The blossoming of garden classrooms
Instead of sitting in front of video games munching on potato chips, students at Columbia Heights Grammar School in Minnesota grow their own organic fruits and vegetables. The garden curriculum includes composting, sowing, tending the plots and savoring the harvest through educational cooking experiments. Everyone participates. Zach Carter, age seven, plucks a raspberry from the bush and exclaims, “It tastes like a strawberry, but not like a strawberry. I never ate one before.” This sense of discovery is an important part of the program, teaching kids that real food is not found prepackaged in the grocery store.

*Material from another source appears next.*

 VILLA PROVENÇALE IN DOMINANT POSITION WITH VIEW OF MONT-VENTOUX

Teachers use a kitchen classroom to take the gardening project a step further. Using only ripe produce from the school garden, simple recipes are prepared and enjoyed by the students. An example is a vegetable soup created by Kristen Stuenkel and her summer class. According to Stuenkel in the article Schoolyard gardens grow, “The kids were amazed. One young man didn’t even want to try it, but those that tried it had seconds or even thirds.”

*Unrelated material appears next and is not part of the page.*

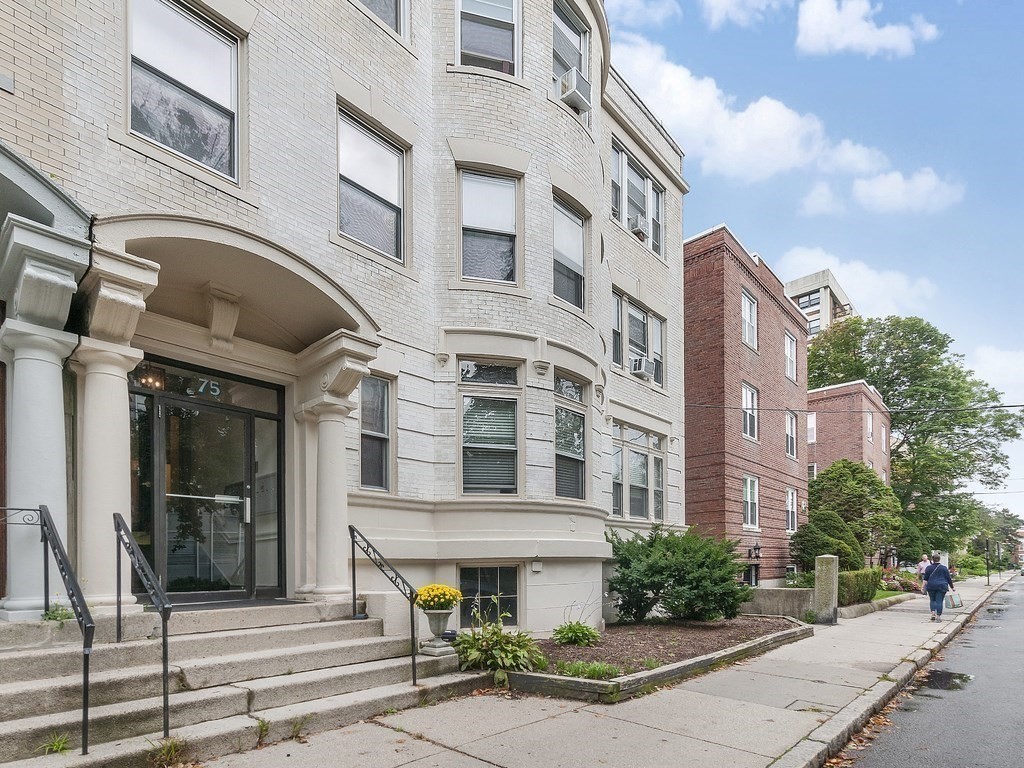 75 Park Street, Unit 8 Brookline, MA 02446 - Photo 9 of 15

Hands-on gardening and cooking curricula are growing in the U.S. and abroad. The Edible Schoolyard Project, started by Chef Alice Waters in Berkeley, California, has helped over 40,000 individuals create, maintain and enjoy sustainable community gardens and learning kitchens. Through a social website, the public can now have access to the project’s resources. The program has even linked up with similar projects in Denmark, China and New Zealand. As noted by journalist Tamir Elterman in the New York Times, “The project is lauded for its role in combating childhood obesity and promoting health education over all.”
As an Edible Schoolyard supported learning kitchen, Common Threads is making strides with nutrition education for children. According to the program coordinator Stephanie Folkens, Common Threads is on a mission “to educate children about their nutritional and physical well-being through our free, hands-on cooking programs.” The class begins with the chef instructor discussing nutrition and the importance of staying physically fit. Next, the students participate in cooking activities that focus on food from different cultures. The program offers cooking and culinary garden classes along with summer camps.
In closing, Waters observes:
“We’re losing the values we learned from our parents when we sat around our family table, when we lived closer to the land and communicated. The way children are eating now is teaching them about disposability, about sameness, about fast, cheap and easy. They learn that work is to be avoided, that preparation is drudgery.”
By embodying the ‘seed to table’ philosophy with edible schoolyards, children participate in the solution — learning about slow food, ecology and nutrition as well as the value of meaningful work, quality of life and connection.